Building ML Infrastructure on AWS with Kiro: Part 2 — Multi-Account Landing Zone

Part 2 of a series on building production-grade infrastructure for deploying custom Random Forest and LSTM models on AWS.

Where We Left Off

In Part 1, we built the network foundation — VPCs, subnets, NAT egress, route tables, flow logs, CloudTrail, and a CI/CD pipeline — all in a single AWS account using Kiro's spec-driven workflow. Two environments deployed, both passing idempotency checks, in one session.

That got us running. But a single AWS account with two VPCs is a prototype topology, not a production one. When you're building infrastructure to serve ML models — especially with on-prem GPU resources in the mix — you need proper account boundaries, centralized governance, and cost controls that catch problems before they drain your runway.

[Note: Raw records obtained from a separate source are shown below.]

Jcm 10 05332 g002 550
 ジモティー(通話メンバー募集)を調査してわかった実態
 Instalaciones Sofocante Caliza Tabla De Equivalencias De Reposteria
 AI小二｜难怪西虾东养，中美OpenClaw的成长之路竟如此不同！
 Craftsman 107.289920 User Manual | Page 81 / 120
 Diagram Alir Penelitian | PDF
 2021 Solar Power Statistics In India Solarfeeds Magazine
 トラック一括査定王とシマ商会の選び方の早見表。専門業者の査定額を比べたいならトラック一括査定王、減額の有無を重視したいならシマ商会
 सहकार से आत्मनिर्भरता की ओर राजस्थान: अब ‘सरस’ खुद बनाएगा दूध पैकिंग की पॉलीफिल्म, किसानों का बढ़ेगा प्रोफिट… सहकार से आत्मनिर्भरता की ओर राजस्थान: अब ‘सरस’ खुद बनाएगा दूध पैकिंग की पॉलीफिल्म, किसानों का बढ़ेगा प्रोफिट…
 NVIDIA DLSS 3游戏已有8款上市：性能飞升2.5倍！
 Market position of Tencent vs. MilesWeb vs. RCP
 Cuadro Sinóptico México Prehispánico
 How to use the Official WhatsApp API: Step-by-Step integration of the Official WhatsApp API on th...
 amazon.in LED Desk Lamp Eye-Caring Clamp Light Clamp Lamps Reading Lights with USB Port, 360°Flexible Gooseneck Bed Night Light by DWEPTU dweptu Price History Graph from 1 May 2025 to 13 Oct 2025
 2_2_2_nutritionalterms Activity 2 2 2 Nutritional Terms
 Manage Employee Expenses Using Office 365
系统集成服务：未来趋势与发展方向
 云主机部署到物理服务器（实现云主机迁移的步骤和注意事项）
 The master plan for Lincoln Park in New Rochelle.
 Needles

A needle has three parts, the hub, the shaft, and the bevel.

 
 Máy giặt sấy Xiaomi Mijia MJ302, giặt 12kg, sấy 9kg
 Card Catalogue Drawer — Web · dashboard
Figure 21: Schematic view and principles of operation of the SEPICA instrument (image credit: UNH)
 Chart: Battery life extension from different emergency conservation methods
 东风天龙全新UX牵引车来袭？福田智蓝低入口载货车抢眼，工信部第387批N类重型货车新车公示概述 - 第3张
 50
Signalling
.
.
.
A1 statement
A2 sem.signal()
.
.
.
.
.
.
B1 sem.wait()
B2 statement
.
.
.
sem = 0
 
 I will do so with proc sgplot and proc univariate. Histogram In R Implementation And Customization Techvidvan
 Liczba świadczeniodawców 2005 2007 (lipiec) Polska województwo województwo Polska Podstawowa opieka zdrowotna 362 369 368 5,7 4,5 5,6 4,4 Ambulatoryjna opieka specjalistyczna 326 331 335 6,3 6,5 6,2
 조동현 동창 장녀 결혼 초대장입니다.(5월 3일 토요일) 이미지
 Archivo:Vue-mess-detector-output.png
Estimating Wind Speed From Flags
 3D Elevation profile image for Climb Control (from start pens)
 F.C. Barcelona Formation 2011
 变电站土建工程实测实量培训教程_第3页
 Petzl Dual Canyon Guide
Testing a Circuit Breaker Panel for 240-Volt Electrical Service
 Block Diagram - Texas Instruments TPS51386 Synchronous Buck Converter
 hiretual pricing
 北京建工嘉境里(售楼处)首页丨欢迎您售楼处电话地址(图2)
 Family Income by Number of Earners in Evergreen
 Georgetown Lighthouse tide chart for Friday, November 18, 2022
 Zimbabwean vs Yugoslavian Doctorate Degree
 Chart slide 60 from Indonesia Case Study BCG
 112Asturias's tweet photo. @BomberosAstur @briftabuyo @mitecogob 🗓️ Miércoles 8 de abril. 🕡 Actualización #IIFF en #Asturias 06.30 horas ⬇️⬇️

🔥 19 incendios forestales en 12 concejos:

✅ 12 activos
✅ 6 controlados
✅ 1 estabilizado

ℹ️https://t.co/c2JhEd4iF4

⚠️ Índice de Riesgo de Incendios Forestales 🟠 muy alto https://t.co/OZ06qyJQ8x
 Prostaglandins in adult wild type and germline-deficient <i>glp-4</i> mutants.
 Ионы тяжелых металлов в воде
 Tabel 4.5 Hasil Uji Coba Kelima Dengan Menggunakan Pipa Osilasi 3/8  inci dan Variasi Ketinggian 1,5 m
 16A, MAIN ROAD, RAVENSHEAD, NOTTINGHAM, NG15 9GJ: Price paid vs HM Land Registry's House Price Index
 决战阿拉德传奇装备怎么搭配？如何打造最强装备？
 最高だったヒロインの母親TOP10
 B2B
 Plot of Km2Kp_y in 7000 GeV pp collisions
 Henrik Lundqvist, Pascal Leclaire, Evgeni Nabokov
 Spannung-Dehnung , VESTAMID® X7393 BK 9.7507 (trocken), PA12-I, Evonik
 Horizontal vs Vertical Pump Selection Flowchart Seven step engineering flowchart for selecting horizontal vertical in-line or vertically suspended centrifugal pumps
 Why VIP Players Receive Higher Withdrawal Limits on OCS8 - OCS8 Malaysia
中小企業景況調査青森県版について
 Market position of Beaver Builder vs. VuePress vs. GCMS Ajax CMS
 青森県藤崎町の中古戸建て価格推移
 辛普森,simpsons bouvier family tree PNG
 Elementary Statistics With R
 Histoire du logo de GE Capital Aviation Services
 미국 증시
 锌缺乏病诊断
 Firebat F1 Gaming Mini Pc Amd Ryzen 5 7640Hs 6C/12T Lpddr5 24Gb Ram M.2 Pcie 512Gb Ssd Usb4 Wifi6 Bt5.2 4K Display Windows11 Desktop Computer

Part 2 is about growing up without over-engineering. We're a small startup. Every dollar matters. But so does not getting breached, not losing data, and not waking up to a $10,000 bill because someone launched a p3.16xlarge in the wrong account.

Motivation

Why Multi-Account Now?

The single-account approach from Part 1 has real limitations:

Blast radius — a misconfigured IAM policy in dev can affect prod resources in the same account
Billing visibility — you can't see dev vs prod costs without meticulous tagging discipline
Compliance — auditors want to see environment isolation at the account level, not just the VPC level
Credential scope — a compromised dev credential has access to prod infrastructure

AWS Organizations with Control Tower gives us account-level isolation with centralized governance. Three accounts (Management, Dev, Prod) is the minimum viable multi-account setup for a startup.

Why Tailscale?

We have on-prem NVIDIA GPU servers for model training. Traditional AWS VPN (Site-to-Site VPN or Direct Connect) costs $36-73/month minimum and requires static public IPs or dedicated hardware. Tailscale gives us WireGuard-based mesh networking for $0 (free tier covers small teams) with no VPN appliances to manage. A t3.micro subnet router in each VPC advertises routes to the Tailscale network, and our on-prem GPUs can reach AWS private subnets as if they were on the same network.

Why Well-Architected Now?

It's tempting to defer governance until you're bigger. But the cost of retrofitting security, reliability, and cost controls into an existing architecture is 10x the cost of building them in from the start. The Well-Architected Framework gives us a checklist, not a burden — and most of the controls (SCPs, GuardDuty, Config rules, billing alerts) are either free or pennies/month at startup scale.

Desired Outcome

By the end of Part 2, we want:

Three isolated AWS accounts — Management (governance only), Dev (development workloads), Prod (production workloads) — with Control Tower guardrails enforced
Centralized security — one CloudTrail trail for all accounts, GuardDuty threat detection everywhere, Security Hub aggregating findings in one dashboard
Hybrid connectivity — on-prem AI resources reaching AWS private subnets via Tailscale, no VPN hardware, no public endpoints
Cost guardrails — billing alerts at $100/$200/$500 per account, anomaly detection, GPU instance size caps via SCP
DR readiness — cross-region backup replication for prod, a pre-provisioned DR VPC in us-west-2, documented failover runbook
Private AWS API access — VPC endpoints for S3, ECR, STS, CloudWatch, Secrets Manager, and EKS so traffic never leaves the AWS backbone
AI model security — encrypted model artifact storage, scoped IAM for GPU nodes, inference endpoint security groups
Single sign-on — IAM Identity Center with role-based access (platform engineers, developers, auditors) across all accounts
Everything as code — Terraform modules for each concern, multi-account CI/CD pipeline, consistent naming and tagging from Part 1

What We're Building

Account Structure

graph TB
    subgraph Org["AWS Organization"]
        MgmtAcct["Management Account<br/>━━━━━━━━━━━━━━━━━━<br/>• AWS Organizations<br/>• Control Tower<br/>• IAM Identity Center (SSO)<br/>• Consolidated Billing<br/>• Org CloudTrail<br/>• Config Aggregator<br/>• GuardDuty Administrator<br/>• Security Hub<br/>• Cost Anomaly Detection<br/>• AWS Budgets<br/>━━━━━━━━━━━━━━━━━━<br/>No workloads"]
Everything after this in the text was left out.